Year 2000 is a leap year and is represented as ‘00’. Since the default century 
value is ‘19’, computers will see year 2000 as year 1900, which is not a leap year. 
Potential exposures caused by the identification of year 2000 as non-leap-year 
are [6]: 

- Day-in-year calculation. The year 2000 has 366 days and not 365 days. 

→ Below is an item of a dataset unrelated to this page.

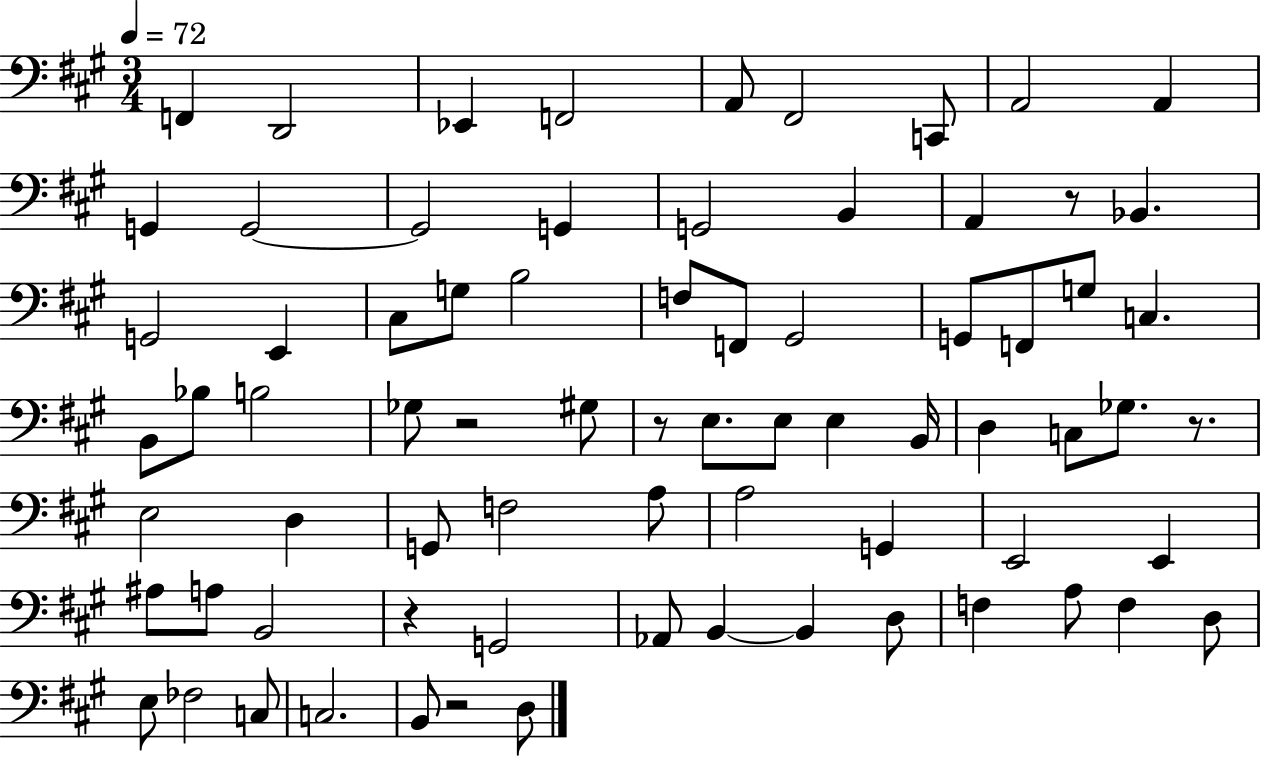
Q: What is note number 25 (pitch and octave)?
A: G#2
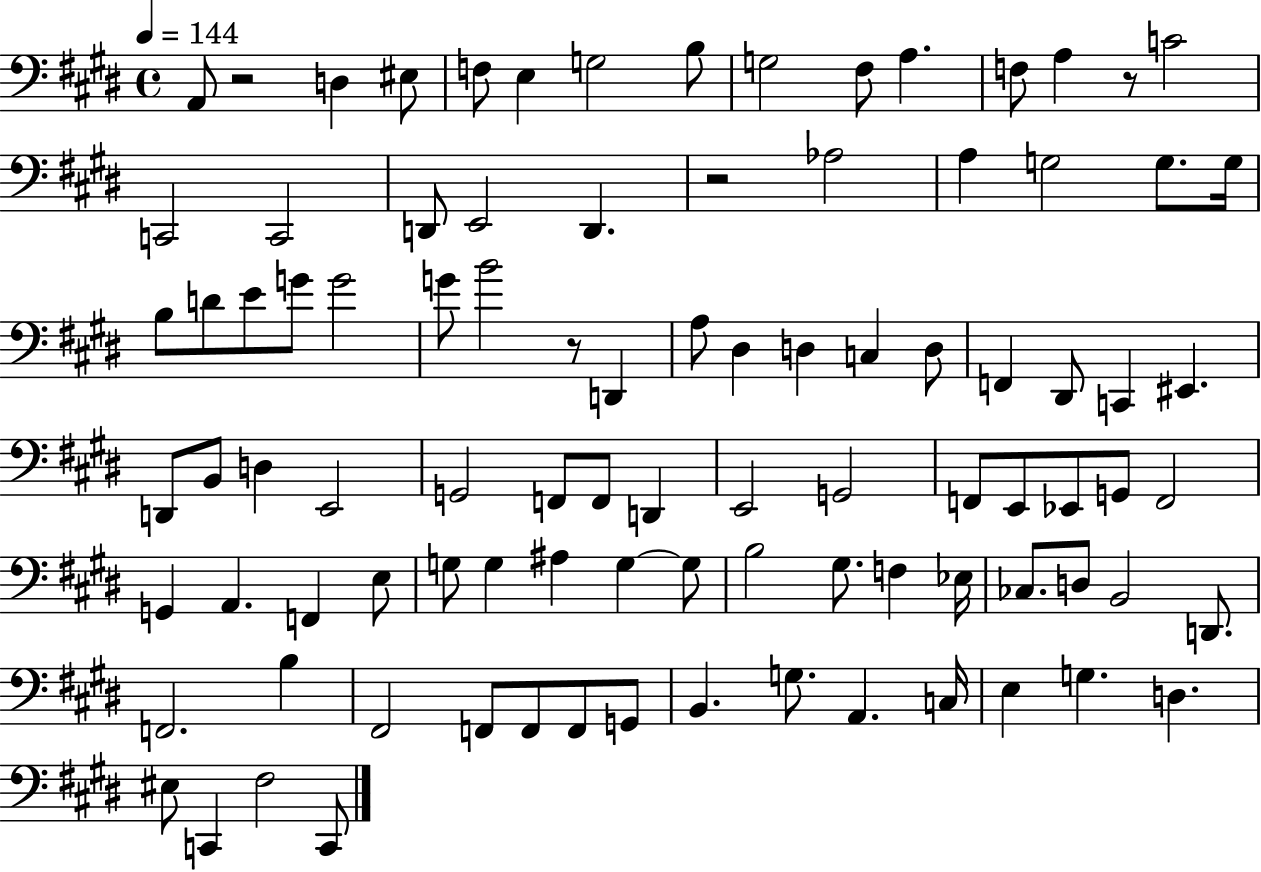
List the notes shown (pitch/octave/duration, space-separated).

- Day-of-the-week calculation. February 28, 2000 is a Monday and March 1, 
2000 is a Wednesday. Systems will fail to calculate correctly the day-of- 
the-week. For example, the ADA language relate database exhibit strange 
Year2000 problem [19]. It declares year 2000 as leap year and seems to 
calculate correctly the day-of-the-week February 29, 2000, but fails to 
calculate correctly that of March 01, 2000. 

• Data Integrity 

The Year2000 problem affected systems will see year 2000 as year 1900 and 
will fail to distinguish between events occurring in the year 1900 and 2000. 
Events occurring in the year 2010 will appear to have already occurred in the 
year 1910. Time will appear to have reversed. 

• Sequence 

Sorting with date as the key value will produce erroneous result. Records of 
year 2000 (represented as ‘00’) will appear before year 1999 (represented as ‘99’) 
in sorted sequence. 

• Year value with special meaning 

In some systems some year values are assigned with special meaning and the 
meaning is hard-coded in the code. For example, systems may treat ‘99’ in 
year field as ‘date value not available’, or ‘00’ in year field may signify ‘this 
record has been expired’, etc.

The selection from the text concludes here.